Restate every entry verbatim; drop the pictures.

** DATA SHOWN follows **

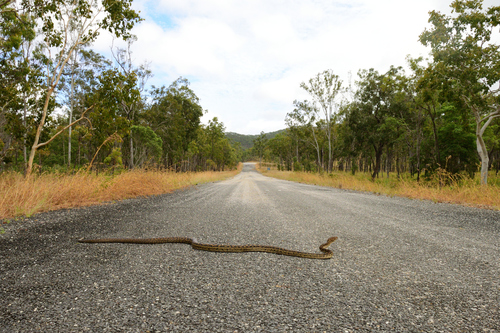 Australian Scrub Python sighting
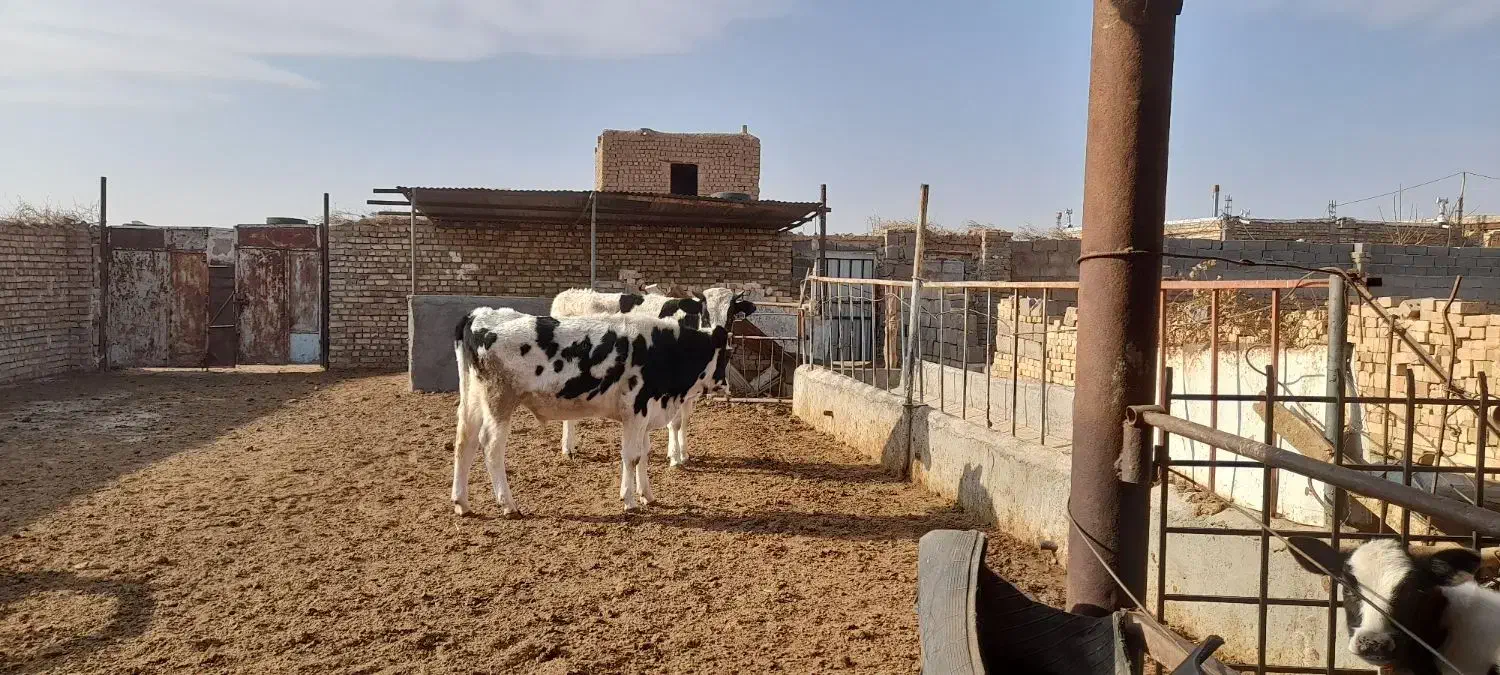 گوساله نر|حیوانات مزرعه|تربت جام, میان جام|دیوار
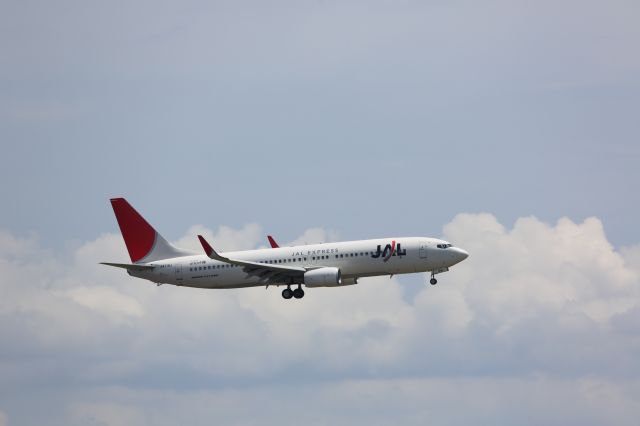 Boeing 737-800 (JA316J)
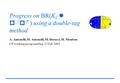 Progress on BR(K L  p + p - ) using a double-tag method A. Antonelli, M. Antonelli, M. Dreucci, M. Moulson CP working group meeting, 25 Feb 2003.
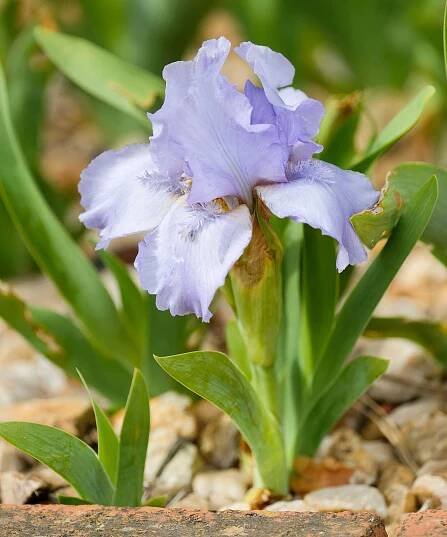 Standard Dwarf Bearded Iris 'Jeremy Brian'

** End of DATA SHOWN **

*ANSWER FOR THE TASK:*
 Australian Scrub Python sighting
 گوساله نر|حیوانات مزرعه|تربت جام, میان جام|دیوار
 Boeing 737-800 (JA316J)
 Progress on BR(K L  p + p - ) using a double-tag method A. Antonelli, M. Antonelli, M. Dreucci, M. Moulson CP working group meeting, 25 Feb 2003.
 Standard Dwarf Bearded Iris 'Jeremy Brian'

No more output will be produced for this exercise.